Overview
- Native name: Gebze Metrosu
- Owner: Ministry of Transport and Infrastructure
- Locale: Gebze and Darıca, Turkey
- Transit type: Rapid transit
- Number of lines: 1
- Number of stations: 12
- Daily ridership: 4,800 (Projected)

Operation
- Began operation: Late 2026 (expected)

Technical
- System length: 15.4 km (9.6 mi)
- Track gauge: 1,435 mm (4 ft 8+1⁄2 in) (standard gauge)

= Gebze Metro =

Rapid transit system under-construction

The Gebze Metro (Gebze Metrosu) is an under-construction rapid transit system in Gebze and Darıca, Turkey. The system consists of a single 15.4 km long line running north from Darıca to Gebze.
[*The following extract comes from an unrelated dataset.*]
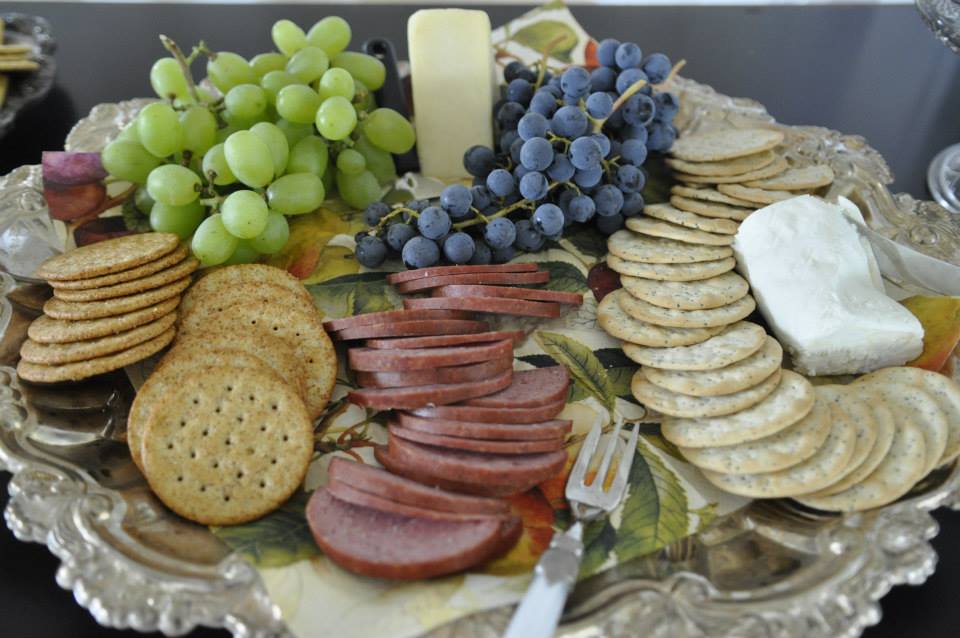 Tips for how to create an eloquent and edible cheese and wine tray for parties and gatherings!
The metro system will be the first network to exist outside of a provincial capital in Turkey, as Gebze and Darıca are located within the Kocaeli Province.

Construction began in late 2018, but the inauguration date has been delayed constantly. As of February 2025, the line is expected to open in late 2026.

== Network ==
Most of the metro line will be underground, except for a 900 m section which will be at-grade. The line will interchange with TCDD Taşımacılık high-speed and intercity trains along with Marmaray commuter trains to Istanbul at Gebze railway station. A maintenance facility and a control center will be constructed at Pelitli, in north Gebze.

The first of a total of 28 driverless trains was delivered late 2023. Journey time is expected to be 19 minutes and the projected daily ridership is expected to 4,800.

== Incidents ==
On 29 October 2025, during the construction of the metro line, an apartment building collapsed above the Akse Sapağı metro station. Four people died in the incident, and it is suspected that the lack of safety measures in the construction caused the collapse. An investigation revealed that the lack of safeguards during the construction of the line was the contributing factor to the collapse.